# Just how do you call South Africa??



## beachbarbie (Jul 20, 2007)

Hi all,
   I guess that I have to admit my ignorance but I don't have the slightest idea how call my resort in South Africa.  After repeated tries and several different emails in which I seem to be "blacklisted"  I need to call them but haven't a clue how.  I know the phone number but what is the procedure and is it best to use a phone card or ???  And what is the approximate charge for something like this.  You hear of people getting really outlandish charges on some phone calls.

Thanks...Barb


----------



## taffy19 (Jul 20, 2007)

Here is a neat web site that will give you the answer. 011 27 plus the rest of the numbers.

http://www.countrycallingcodes.com/index.php

http://www.countrycallingcodes.com/results.php?

The phone charges differ as it depends who you use.


----------



## sml2181 (Jul 20, 2007)

I think the cheapest way to call would be using Skype.com. You will have to download it (free, will only take you a minute); prepay an amount for "skypeout" (I think it can be done for 10$) and then you can call any telephone number in any country. You would be paying 0.078$ per minute to South Africa. You might want to use a microphone / headset though.

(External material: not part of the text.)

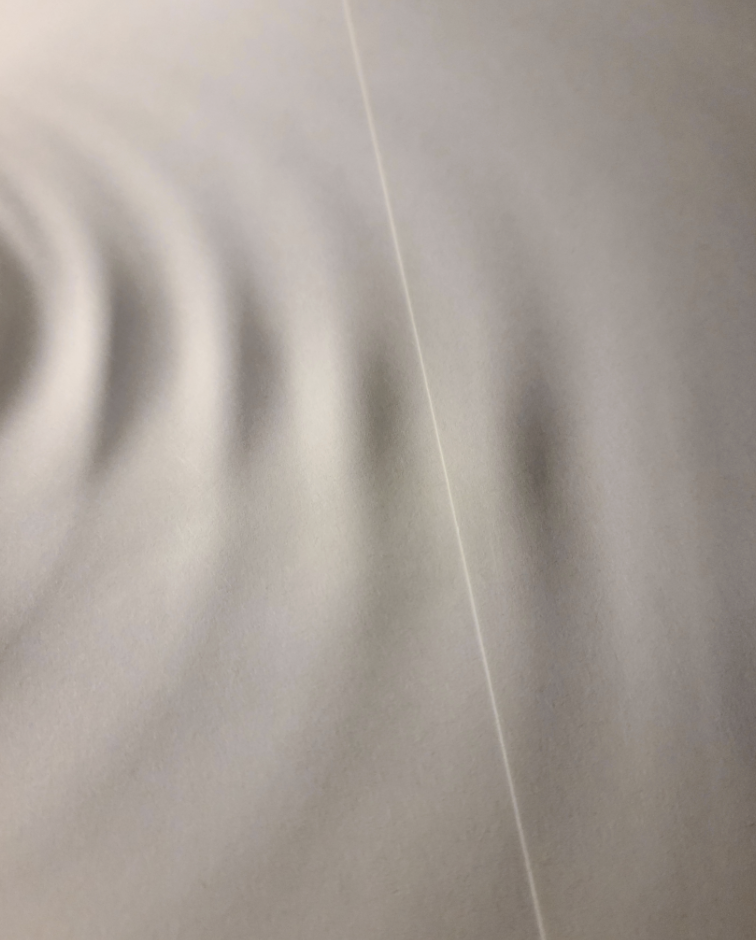 A visual of textured paper with soft, wavy patterns and a thin, straight line running vertically. No text or people are present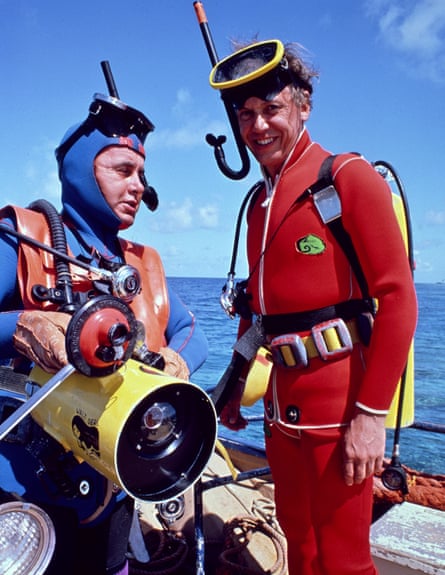 David Attenborough and cameraman Mike Salisbury in scuba gear prepare for a dive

When I do not have my laptop with me, I might use www.nobelcom.com - sometimes they are even cheaper, sometimes not. Also depends on the location in South Africa.


----------



## David (Jul 20, 2007)

beachbarbie said:


> Hi all,
> I guess that I have to admit my ignorance but I don't have the slightest idea how call my resort in South Africa.  After repeated tries and several different emails in which I seem to be "blacklisted"  I need to call them but haven't a clue how.  I know the phone number but what is the procedure and is it best to use a phone card or ???  And what is the approximate charge for something like this.  You hear of people getting really outlandish charges on some phone calls.
> 
> Thanks...Barb



South African numbers usually start with 0.  If so delete that 0 and replace it with 011 27.

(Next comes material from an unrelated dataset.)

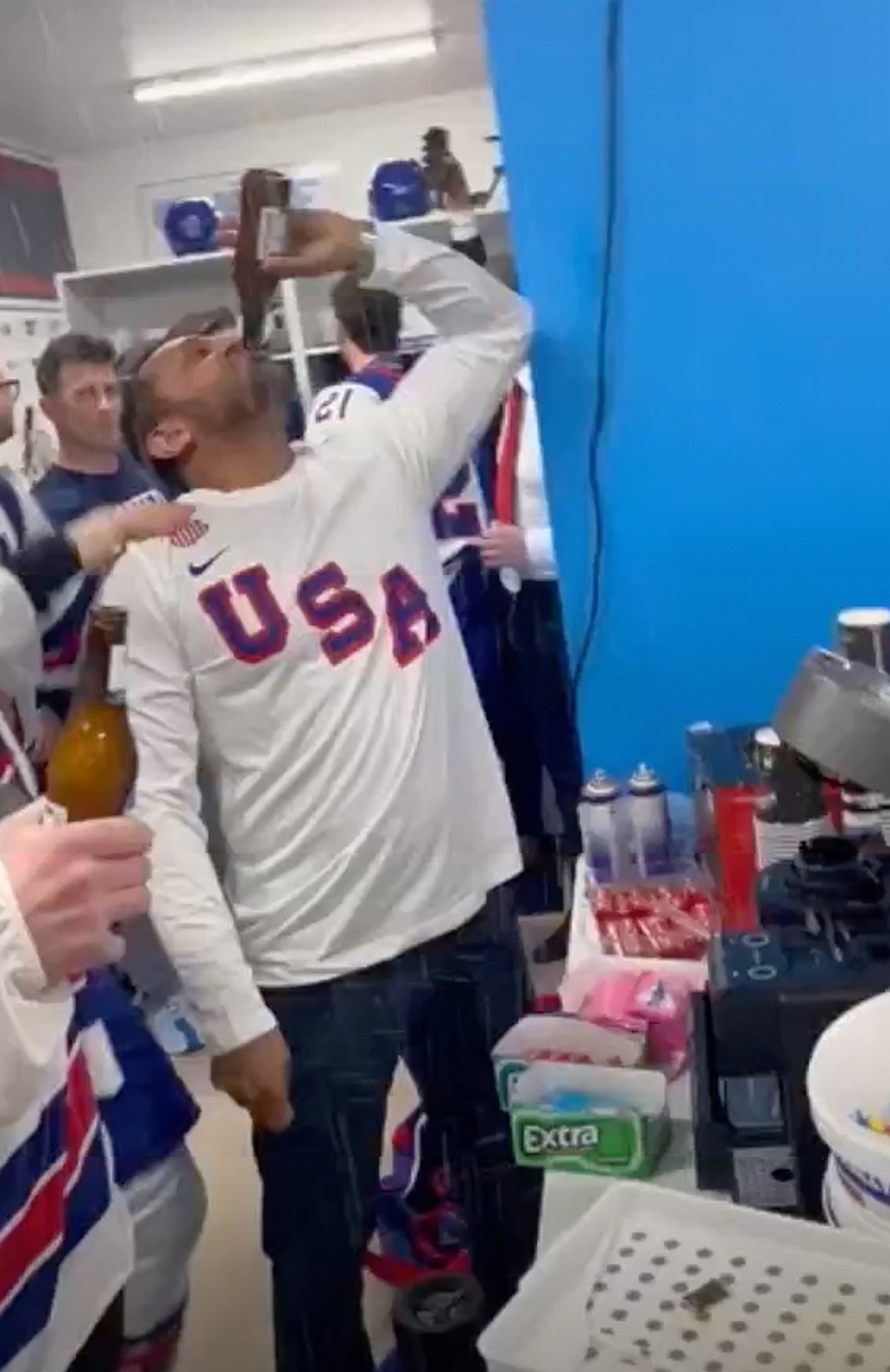 Kash Patel drinks a beer ion front of hockey players.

I call South Africa regularly and use a phone card from here http://bestratescall.pushline.com/


----------



## beachbarbie (Jul 20, 2007)

Wow, thanks for all the good advice.  You guys are the best!!

Barb


----------



## MULTIZ321 (Jul 21, 2007)

Barb,

Here's another Link for help in calling anywhere in the world
http://www.timeanddate.com/worldclock/dialing.html


Richard


----------